Pero cualquier viaje al futuro siempre arranca en el pasado pretérito perfecto que nos trajo a este presente simple, y el de la democracia comienza una vez que se era la Antigua Grecia. Hace cerca de 2.600 años, los atenienses crearon una nueva forma de gobierno en la que el poder ejecutivo emanaba del pueblo: demokratía (demos, krátos e —ia; ‘el gobierno del pueblo’). La importancia de este hecho se entiende mejor al compararla con este otro: las primeras elecciones democráticas en España tras 40 años de dictadura fueron apenas en 1977. Los periódicos nacionales acompañaban sus exultantes titulares (‘Las previsiones meteorológicas para esta jornada indican buen tiempo sobre España, en una primavera política que devuelve a los pueblos de España su soberanía’; El País) con un manual recordando cómo votar.

Porque la política era más que un asunto que nos atañe a todos, lo que nos distingue de las bestias, lo dijo ya Aristóteles, el mayor influencer de la época: «La naturaleza no hace nada en vano.
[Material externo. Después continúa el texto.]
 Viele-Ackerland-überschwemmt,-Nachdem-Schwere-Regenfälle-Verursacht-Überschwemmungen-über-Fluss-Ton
Pues bien, ella concede la palabra al hombre exclusivamente. […] La palabra ha sido concedida para expresar el bien y el mal, y, por consiguiente, lo justo y lo injusto, y el hombre tiene esto de especial entre todos los animales: la naturaleza arrastra, pues, instintivamente a todos los hombres a la asociación política». Hombres evolucionados a los que calificaba de zoon politikón; animales políticos. Y aún hoy —más o menos— recoge la RAE en la cuarta acepción de la palabra ‘política’: «Actividad del ciudadano cuando interviene en los asuntos públicos con su opinión, con su voto o de cualquier otro modo». Todo lo opuesto a este ‘animal político’ era —y es— el ‘idiota’, derivada del griego idiotes (de idios; privado, uno mismo): «ciudadano privado y egoísta que no se ocupa de los asuntos públicos». Este desinterés por los demás se entiende mejor en el giro de guion que fue dando la palabra hasta llegar a la RAE en nuestros días como «tonto o corto de entendimiento. Engreído sin fundamento para ello.» Ojo, que no es oro todo lo que reluce. Que los antiguos griegos incluido el mismísimo Aristóteles quizá no fueran idiotas, pero sí gilipollas, lo confirma que esta ‘democracia’ llevaba en la letra pequeña que ‘pueblo’ hacía referencia al “hombre libre”, excluyendo a esclavos y mujeres. Pero volviendo al idiota rancio y actual, nada define mejor al yo-mí-me-para-mí-conmigo que aquellos versos del pastor luterano Martin Niemöller que arrancan con un «Cuando los nazis vinieron a llevarse a los comunistas, guardé silencio, ya que no era comunista…» y que dibujan el retrato perfecto de lo que pierde la sociedad cuando la idiotez gana terreno. El enésimo ejemplo del cuento de la hormiga que, por odio a la cucaracha, votó por el insecticida. Murieron todos, hasta el grillo que se abstuvo.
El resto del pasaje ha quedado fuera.